A park in Vietnam’s northern province of Cao Bang was named a new global geopark at a UNESCO executive board meeting on Thursday.
Non Nuoc Cao Bang is now the second of its kind in Vietnam after Dong Van’s karst plateau in Ha Giang Province.
“UNESCO Global Geoparks are single, unified geographical areas where sites and landscapes of international geological significance are managed with a holistic concept of protection, education and sustainable development,” the United Nations body said on its website.
Geoparks must possess geological heritage of international value to be considered by UNESCO.
Founded in 2015, Non Nuoc Cao Bang joins 127 other geoparks from 35 countries to receive UNESCO recognition for sustainable use of natural resources and awareness of geological hazards.
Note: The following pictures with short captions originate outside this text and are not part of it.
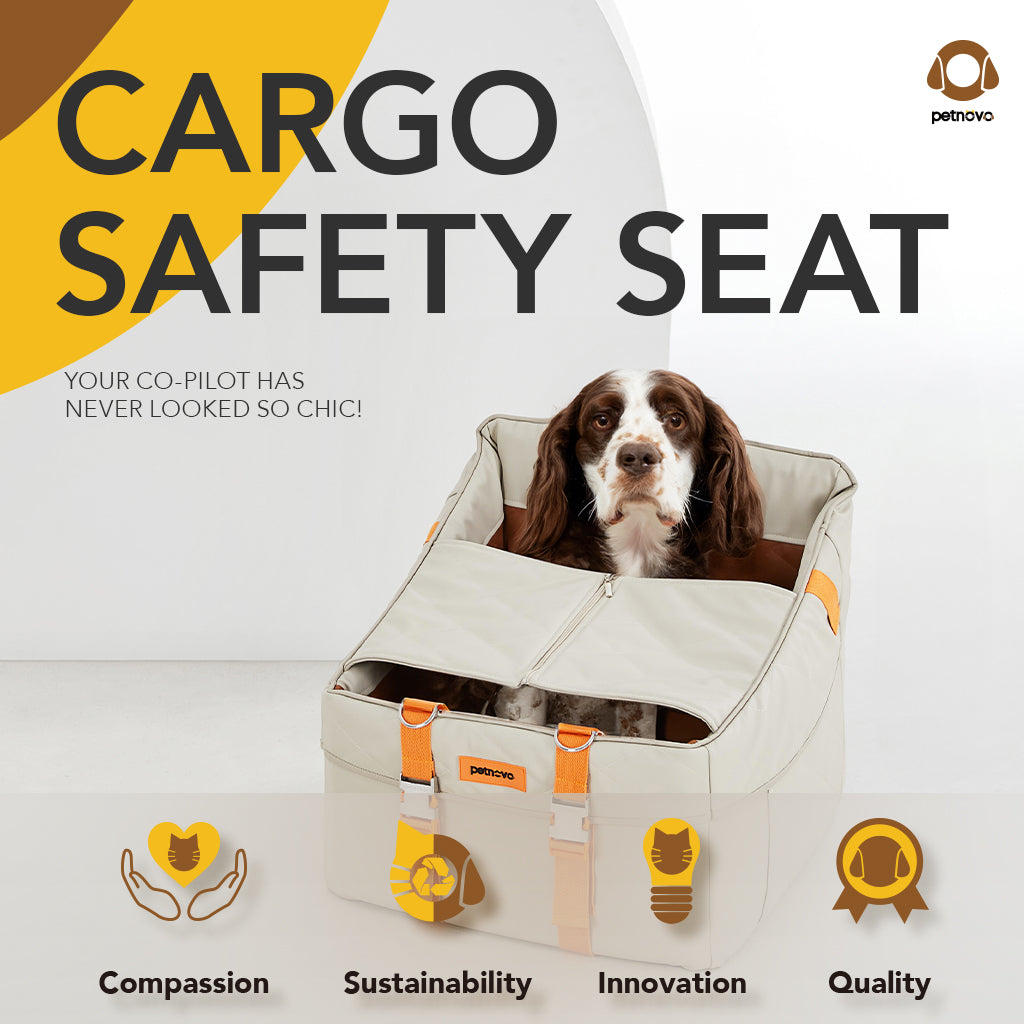 CarGo Safety Seat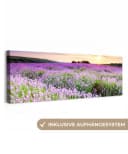 OneMillionCanvasses® Leinwandbild Panorama Lavendel Blumen Sonnenuntergang Bild 2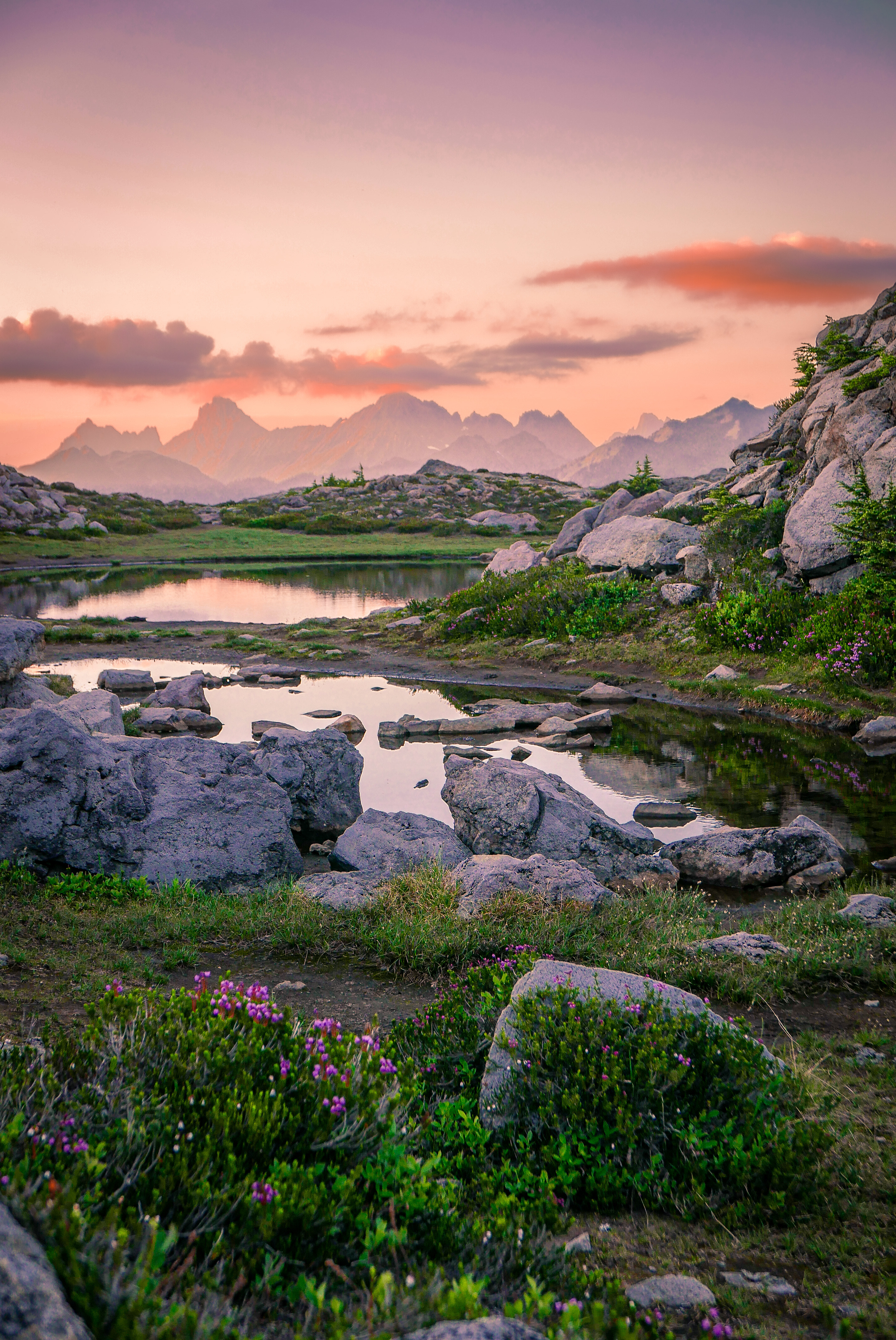 A lush alpine boulder field with green grass, purple flowers, and small ponds. Pink sunset with purple mountains in the background.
In 2016, Vietnam’s national UNESCO committee submitted Cao Bang’s application to the Global Geopark Network. The recognization process, which involved demonstrations of local sustainable development, lasted more than one year.
Seven hours northeast of Hanoi, the park covers 3,000 square kilometers on the border with China. Its collection of fossil, sediment, volcanic rocks and karst landscape is believed to illustrate 500 million years of the Earth’s history.
Tourism has long been a staple of the area, with more than 200 cultural and historical monuments.
Ban Gioc Waterfall, the largest in Vietnam, is one of the country’s most popular tourist destinations. Other appealing stops include Nguom Ngao Cave, Thang Hen Lake, and the Phia Oac-Phia Den eco-tourism area.
The country is currently establishing a network of geoparks. Aside from Cao Bang and Ha Giang, five other provinces are also planning to build their own.